◆ **RAW DATA**:
-------
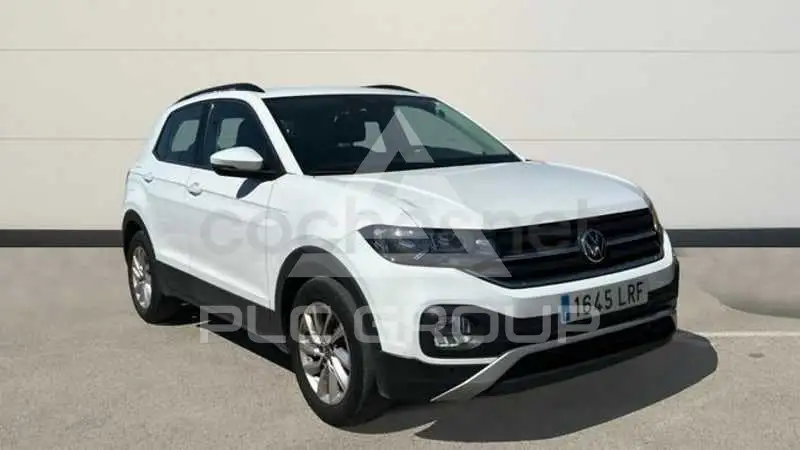 2021 Volkswagen T-Cross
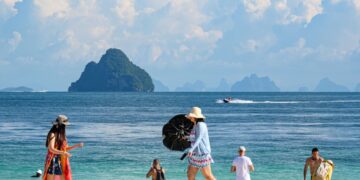 новость 15-03-2024 Российский турпоток в Таиланд вырос на 10%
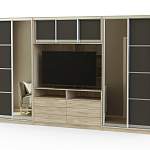 Стенка в гостиную Локи 79 BMS - Фото 7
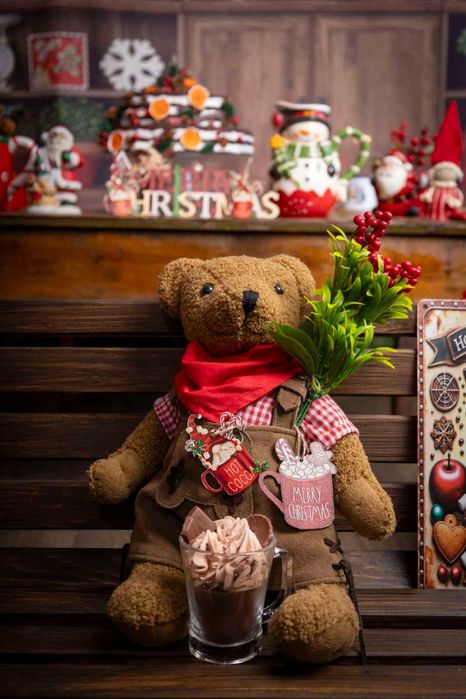 Коледни Фотосесии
-------
◆ **WHAT IS EXPECTED**:
The copy should begin at the line containing "Стенка в гостиную Локи 79 BMS - Фото 7" and end at the last line of the data above; please restate those lines word for word without the pictures.

◆ **WRITTEN ANSWER**:
 Стенка в гостиную Локи 79 BMS - Фото 7
 Коледни Фотосесии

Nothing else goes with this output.